Students will have the opportunity to present innovative solutions for the global refugee crisis in a competition held this month on the BYU campus.
The Ballard Center organizes competitions each year for students working in teams to develop innovative solutions to real-world challenges. BYU students have been invited to participate in a Refugee Solutions Competition this year, regardless of their political views on the topic.
President Donald Trump’s most recent executive order regarding refugees has been a controversial topic across the nation and has received worldwide commentary.
Oscar Chavez and Shirene Urry, both second-year MBA students, are co-managing the competition. Last week’s information meeting had over 130 attendees. Nearly 220 students attended the second information session this past Monday, following President Trump’s executive order.

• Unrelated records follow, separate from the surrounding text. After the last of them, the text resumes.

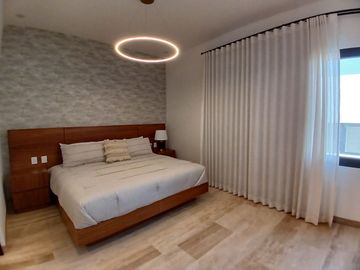 DISCOVER YOUR NEW HOME $ 779,000 USD 4 RECS | 4.5 BAÑOS | PRIVATE CLUBHOUSE | GYM | SPORTS BAR | PLAY ROOM | BIG POOL AND MORE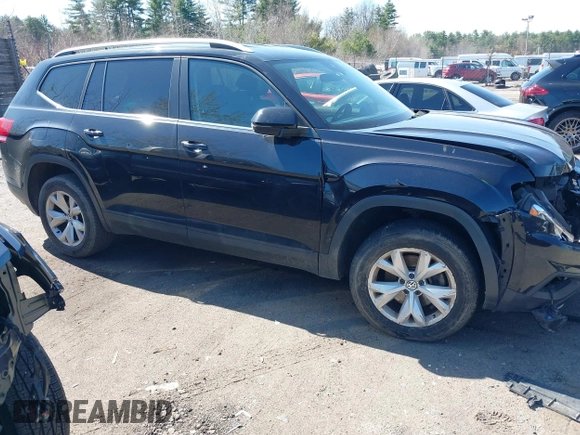 2018 Volkswagen Atlas SE with VIN 1V2DP2CA9JC599623, listed as a IAAI auction lot 42065906 with Not provided miles and . Bid and sale history available at DreamBid. Image 13.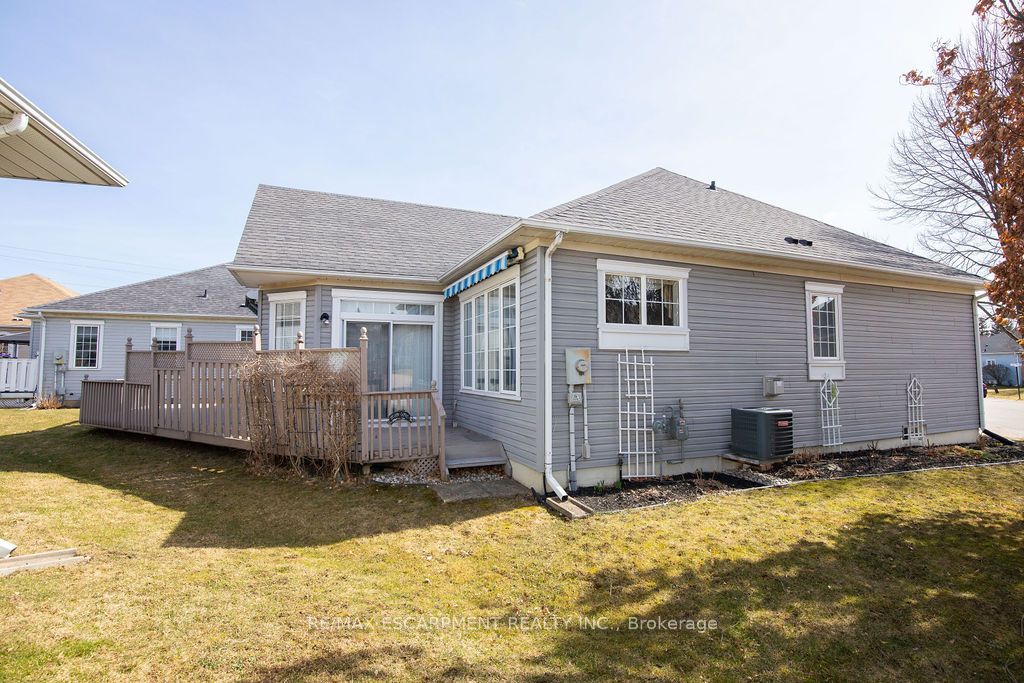91 Silverbirch Boulevard, Hamilton, ON L0R 1W0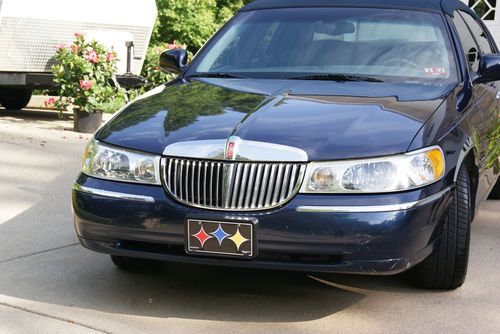 2002 Lincoln Town Car - Low Miles - Adult Driven, image 2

“I have witnessed students’ desires to use their hearts and minds to help refugees through these info sessions. The integrity of their desires has been palpable and humbling,” Urry said. “While there is a lot of emotion around this topic right now, it has been particularly encouraging to see students interest in and orientation towards developing solutions, which is what this competition is all about.”
This year the Ballard Center has partnered with Nathanael Molle — one of Forbes 30 under 30 social entrepreneurs. Molle is the founder of the French-based organization Singa, which has more than 20,000 volunteers who connect refugees through friendship, housing, entrepreneurial networks and other projects. Singa partners with Ashoka, an international organization that promotes social entrepreneurship.

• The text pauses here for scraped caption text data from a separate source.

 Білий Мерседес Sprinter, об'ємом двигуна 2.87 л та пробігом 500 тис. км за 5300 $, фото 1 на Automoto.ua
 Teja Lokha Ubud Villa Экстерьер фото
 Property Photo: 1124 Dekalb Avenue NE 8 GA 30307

“These organizations solve the same-old problems: poverty, hunger, diversity issues — but in a new, innovative way,” said competition co-manager Oscar Chavez. “These are organizations that are actually making a difference.”

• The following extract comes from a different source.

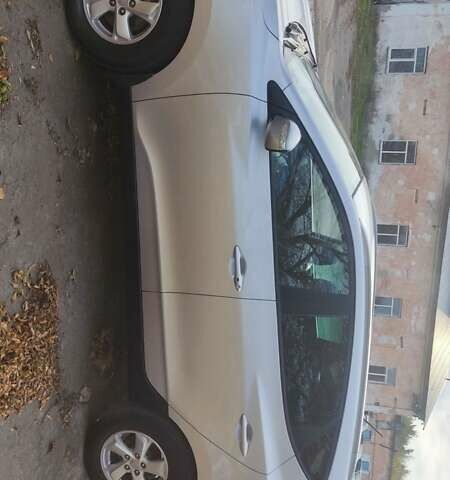 Хендай их35 2010 в Ровно на Automoto.ua Серый Хендай их35, объемом двигателя 1.69 л и пробегом 220 тыс. км за 10300 $, фото 3 на Automoto.ua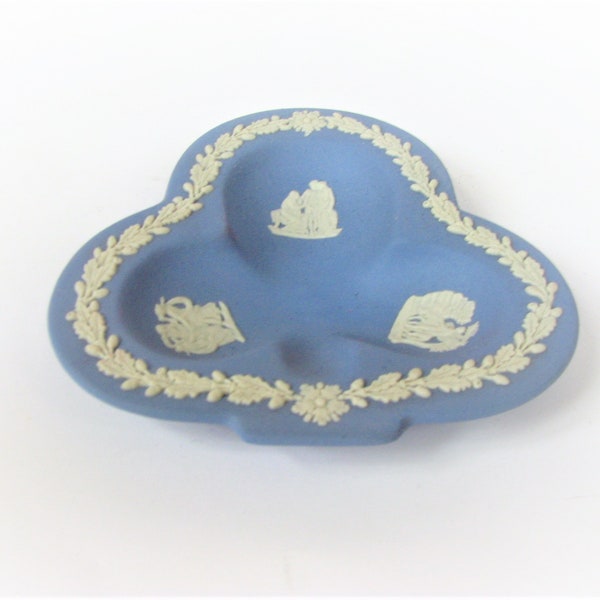 Kleiner Wedgwood Blauer Jaspisware Aschenbecher / Trinket Tablett / Schüssel - Englisches Vintage Sammlerstück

Teams comprised of 3-5 students will receive further information at the kick-off event regarding a real problem Singa faces. The teams will then have two weeks to research and prepare a presentation about their solution. The goal of the competition is for students to present new ways to solve this problem. Teams are encouraged to use all resources available including other students, faculty and mentors.
“(Nathanael) is coming to campus because he heard about BYU students and the variety of disciplines they study, languages they speak and perspectives they have,” Urry said. “He’s excited to see and hear many of their solutions.”
The competition has certain guidelines, but students will have the chance to help this organization make global strides in aiding refugees.
“I think that students really do care about refugees. I think that this will provide them with a different experience than they might expect — it will re-frame how they look at refugees and how we can truly help them,” Urry said.
Preston Alder, a senior studying business strategy,participated in and won the competition last year along with teammates William Adams and Daniel Durrant. Last year’s Ballard Center competition focused on finding innovative solutions to help productivity of small-scale farmers in South America.
Alder got married last April and in the same week traveled to Peru to implement his team’s solution after winning the competition. He had the opportunity to directly interact with the farmers he had helped.
“This experience was life changing for me because it was learning in action,” Adler said. “I was able to take something that I had designed in the BYU library with my team and make it a reality that will now impact the lives of thousands of farmers.”
The competition kick-off event will be held on Wednesday, Feb. 1 in the WSC Varsity Theatre, but students can register or find a team online until 5:00 p.m. on Friday, Feb. 3. Final submissions must be submitted by Feb. 13 and the semi-final and final rounds of the competition will be held Feb. 23-24.